Segment Start: The data

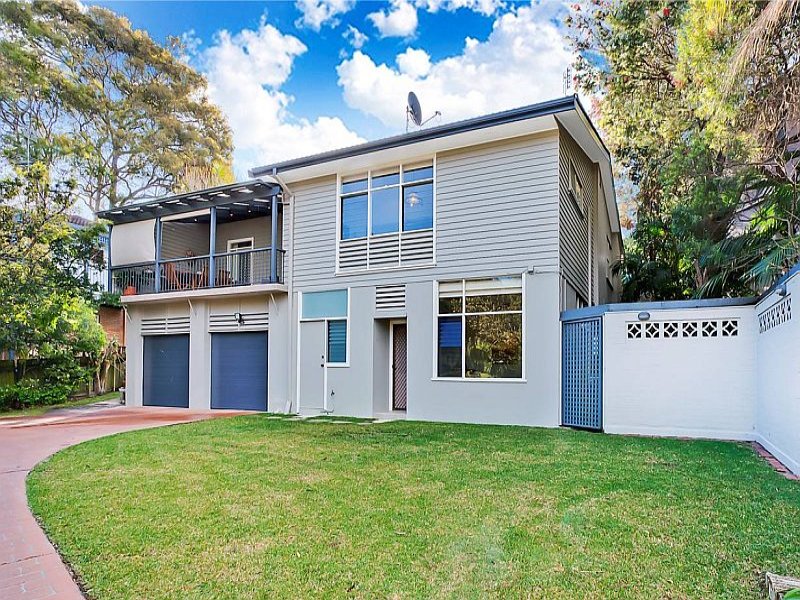 1 Jendi Avenue, Bayview, NSW 2104 Property Details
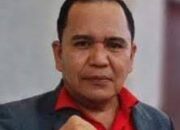 Nof Hendra: FDR Soroti Kinerja Pemko Terkait Manajemen Kebersihan Kota Pekanbaru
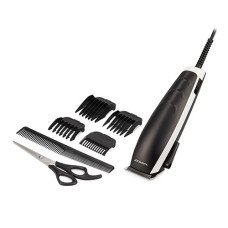 CORTAPELO PROFECIONAL + ACCESORIOS WINCO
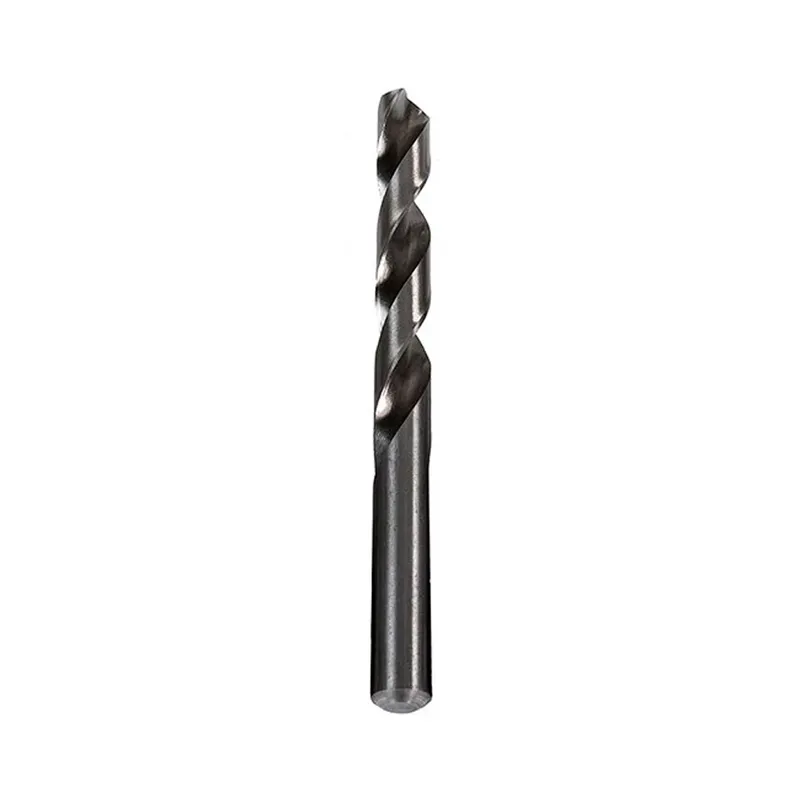 Broca para metal ar 5/32" HSS industrial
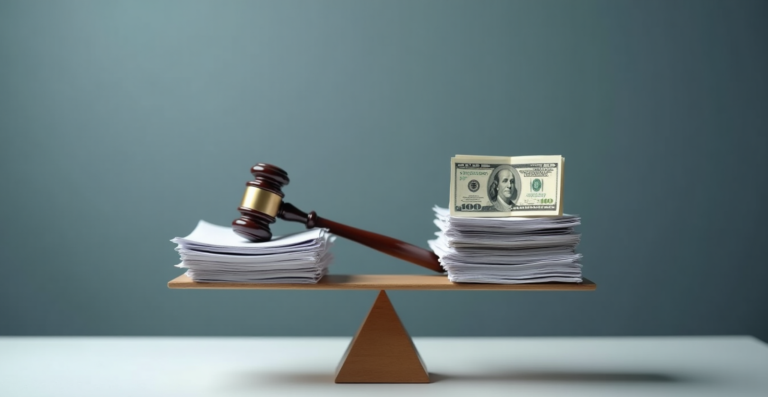 STJ e CARF definem limites na fiscalização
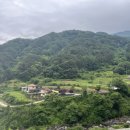 땡자네밥집 이미지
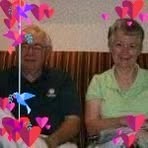Harold Caudle - Facebook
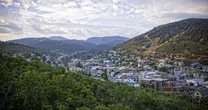 ¿Qué hacer en Park City cuando el verano se lleva la nieve de las montañas?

Segment End: The data

**Activity**
Leaving out the pictures, print every record exactly as written.

**Exercise output**
 1 Jendi Avenue, Bayview, NSW 2104 Property Details
 Nof Hendra: FDR Soroti Kinerja Pemko Terkait Manajemen Kebersihan Kota Pekanbaru
 CORTAPELO PROFECIONAL + ACCESORIOS WINCO
 Broca para metal ar 5/32" HSS industrial
 STJ e CARF definem limites na fiscalização
 땡자네밥집 이미지
Harold Caudle - Facebook
 ¿Qué hacer en Park City cuando el verano se lleva la nieve de las montañas?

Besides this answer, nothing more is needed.